Wednesday, 20 May 2015

Aratta - a hard place (to find)

By 1983, TSOM had quite a cult following in the UK and even the nay-sayers could see that they were likely to be the Next Big Thing, so for most gigs finding tapes, flyers, posters, ticket stubs, photos, eye-witness accounts and the like is not too difficult a task, particularly with more and more “oldies” now using social media and indulging in healthy bouts of nostalgia now that they have a little more time on their hands, in many cases. The same is true of venues, often only too happy to boast of their part in the rise of what is seen as an influential and genre-defining band.
However, the situation is somewhat different in Europe, and getting even the most basic of details of some shows can involve painstaking detective work. Take the four date German tour undertaken as part of the first overseas jaunt, the Trans Europe Excess tour, under the auspices of Rough Trade Deutschland if the backstage pass available on the band’s official website (and reproduced here) is to be believed.

Three of the dates were, predictably, in large cities (Berlin, Munster, and of course, Hamburg) to which the band have returned time and time again, but little has surfaced from this inaugural visit.
The fourth gig was in the curious rural venue of the Aratta club near Moers, on the fringes of the Ruhr near to the Dutch border. This is a venue so seemingly obscure that one well-respected Bauhaus gigography still refers to the club as the “Ratter” and situates Moers in Belgium !

Although the Aratta is situated on the main road from Moers to Rheinberg, it is in a tranquil location not far from the Haferbruchsee lake, a well-known nudist hang-out in the 1980s. The club is still going strong today, partly as a result of its Outdoor Beach Party which was apparently all the rage in the 2006 football World Cup, which Germany of course hosted.
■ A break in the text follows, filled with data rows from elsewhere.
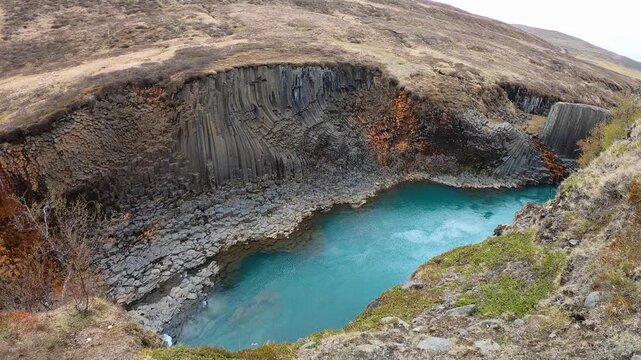 Curving walls of basalt columns above a calm turquoise pool of the glacial river in Studlagil canyon, Iceland.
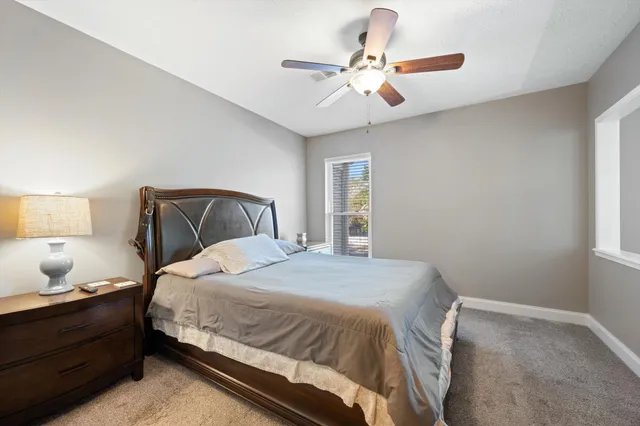 a bedroom with a bed and window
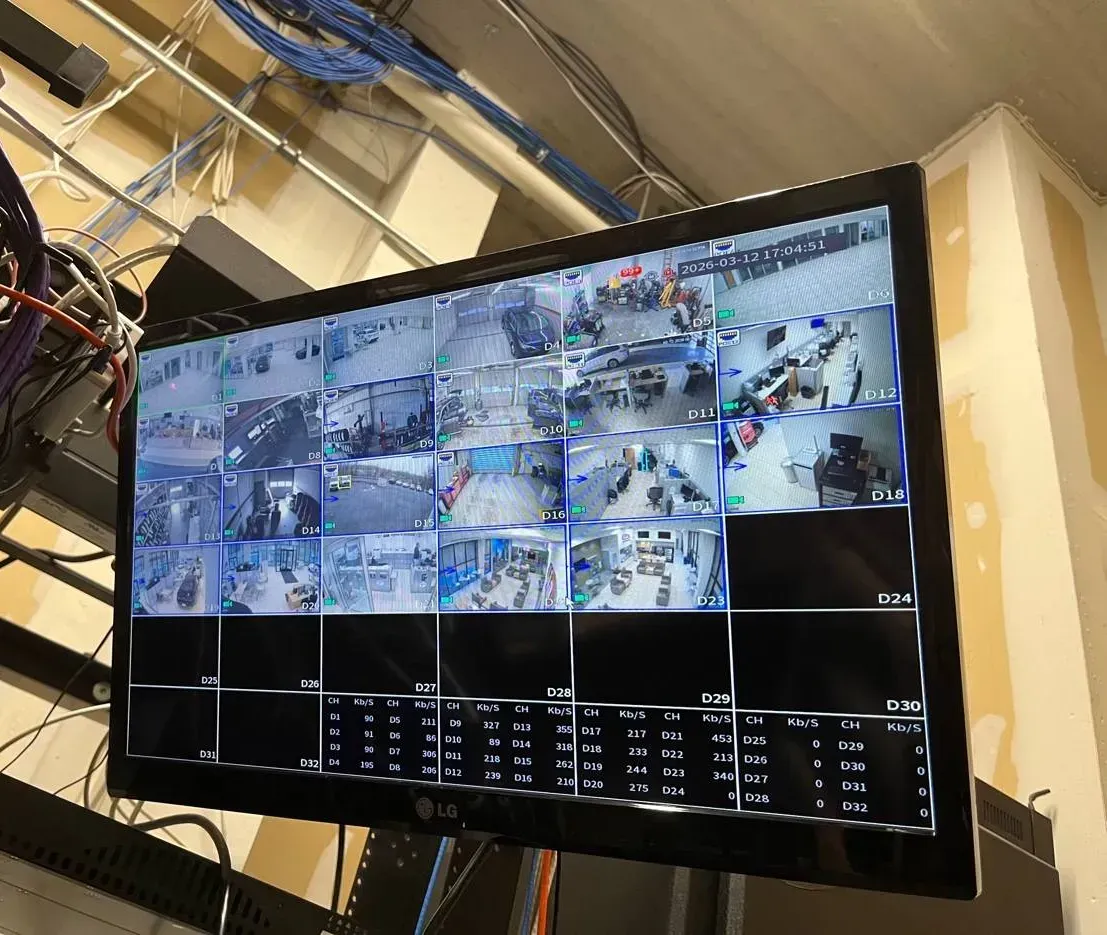 Recorder monitor with a 32-tile camera grid under ceiling cable runs â Manhattan Smart PSS support example Manhattan Smart PSS support example photo: a wall-hung LG monitor showing a recorderâs 32-tile camera grid and a per-channel bitrate table, below bundles of blue and white network cable at the ceiling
The venue, which celebrated its centenary three years ago, caters for the “trance/rave” end of the market nowadays, but both the interior and exterior are largely unchanged from the time of the TSOM visit, as can be seen from the photo below from the club's website.

For the Sisters gig, there was a photo published in the German publication Spex as part of a review of the tour, which eventually found its way on to the Gallery at the Heartland Forum, and which I am reproducing below, showing the cramped low stage with mirrored backdrop that can be seen on other contemporary gig photos like the one underneath it.

In addition, one of the original posters advertising the gig on 2/9/1983 has also come to light, kindly shared on Heartland by one of the most hardcore TSOM collectors, another addition to an impressive archive cataloguing an era which many fans still regard as the halcyon days of the group in a live context.